The total value of fines handed out by the UK’s Financial Conduct Authority fell by almost 75% in 2018, after a bumper year in which it had secured penalties against the likes of Deutsche Bank AG, Merrill Lynch International and Rio Tinto Plc.
The regulator handed out £60.5mn ($76.6mn) in fines in 2018, more than half of which were accounted for by a single £32.8mn penalty issued to Banco Santander SA’s UK unit on December 19.
That’s down from 230mn pounds in 2017 – a 74% drop. That year saw “a handful of absolutely huge fines,” said Jonathan Cary, a commercial disputes lawyer at RPC in London.
This year’s largest fines, aside from Santander, were a 16.4mn-pound penalty for Tesco Plc’s banking arm for failures that allowed cyber attackers to steal funds, and a 5.2mn pound fine for Liberty Mutual Insurance Europe SE for failures in its oversight of mobile phone insurance claims and complaints handling.
The watchdog fined Barclays Plc chief executive officer Jes Staley £321,000 in April, an amount that pales in comparison to some previous regulatory fines, while allowing him to hold onto his job. The move, which came after an investigation into his two attempts to identify a whistle-blower within Barclays, was seen as an early indication that the Financial Conduct Authority may tread cautiously when enforcing new rules for top executives.
In July, it said it won’t fine former Royal Bank of Scotland Group Plc senior executives after an investigation into its small-business lending unit found it put its own profit over clients’ interests.
Last year included a £34.5mn penalty for Bank of America Corp’s Merrill Lynch for failing to report two years’ worth of exchange-traded derivatives transactions, a £27.4mn fine for Rio Tinto over rule breaches and a £163mn fine for anti-money laundering control failings at Deutsche Bank.

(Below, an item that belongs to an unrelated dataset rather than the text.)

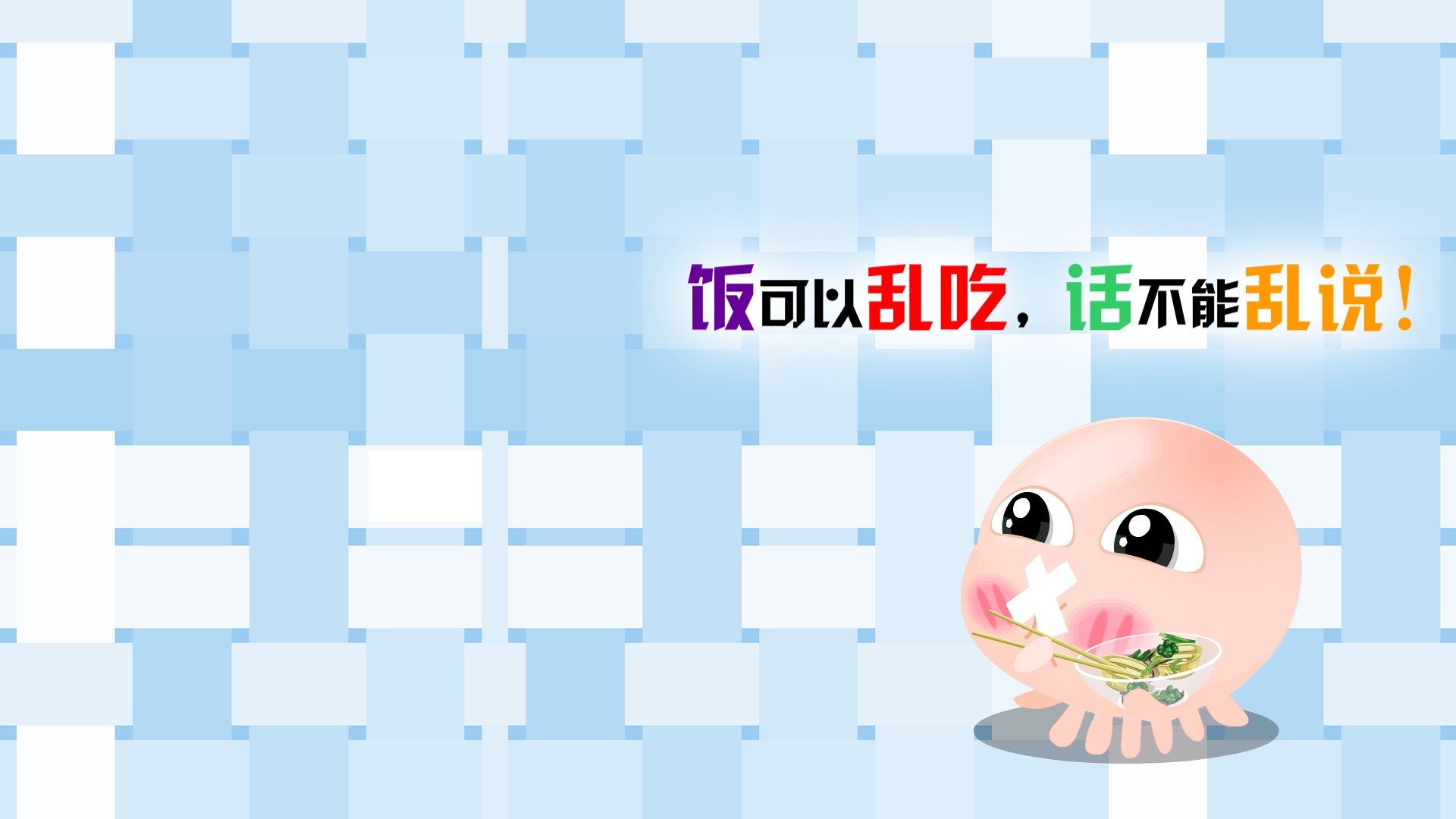 可爱卡通小鸟简笔画图片大全_可爱卡通小鸟简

The watchdog hasn’t changed its approach and is “committed to investigating and holding firms and individuals to account for misconduct and ensuring wrongdoers pay for the costs of remediation,” a spokeswoman said. It’s opened significantly more investigations this year than last, she said.
“It would be wrong simply to say the value of fines has fallen, therefore the FCA isn’t being sufficiently active or rigorous,” Cary said. The previous year “could be seen as an aberrational high.”

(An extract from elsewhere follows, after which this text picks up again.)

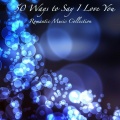 Shades of Blue - Sweet Moments Music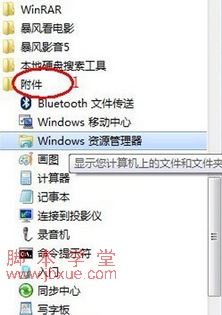 win7δӦϽ취1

To be sure, the 2018 figures only cover the period to December 21, leaving room for the watchdog to increase the year’s figure if it hands out new penalties in the final days of the year.
The regulator is starting to shift towards penalising individuals rather than companies after it introduced the Senior Managers Regime in 2016, Cary said. The message of that reform was that it’ll hold top executives accountable for wrongdoing on their watch. Fines against individuals tend to be lower than those against companies.

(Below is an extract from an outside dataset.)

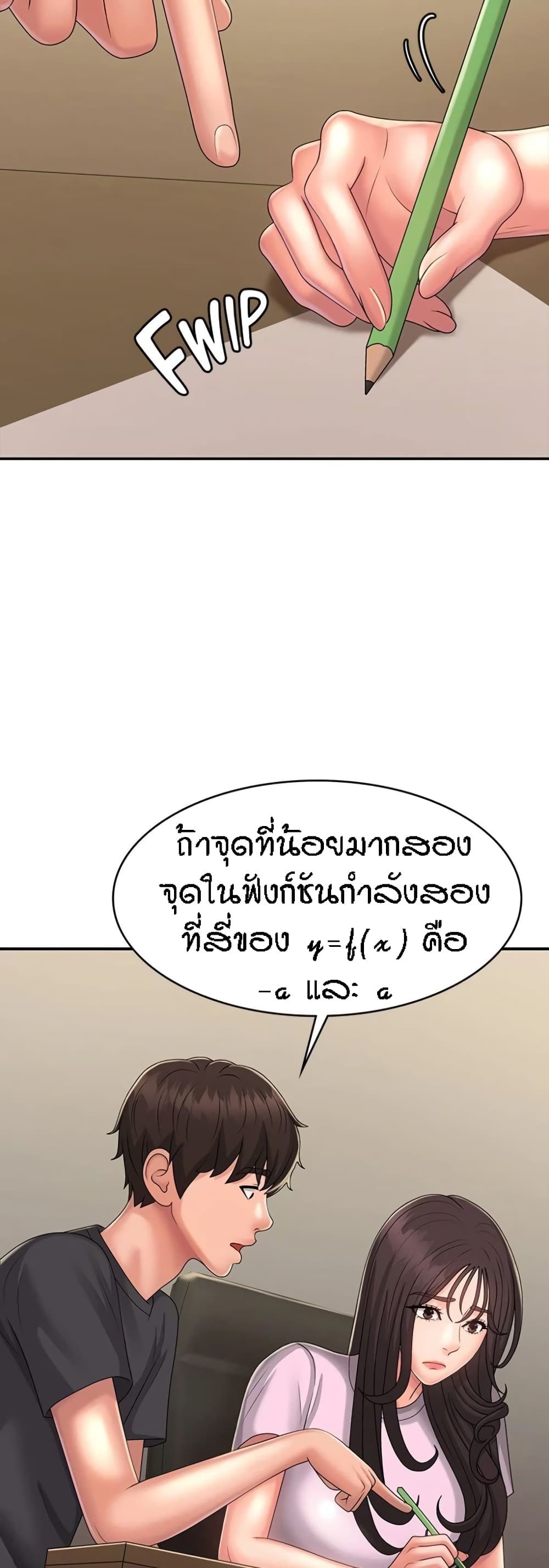 หน้า 45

“Historically, the FCA was perhaps looking to get ‘heads on sticks’ by way of multimillion-pound fines” against the large institutions, Cary said. Now, the regulator sees making senior individuals take more responsibility as an effective deterrent.
“Nothing focuses the mind like the risk that you personally could be censured, possibly fined or even banned from the industry,” he said.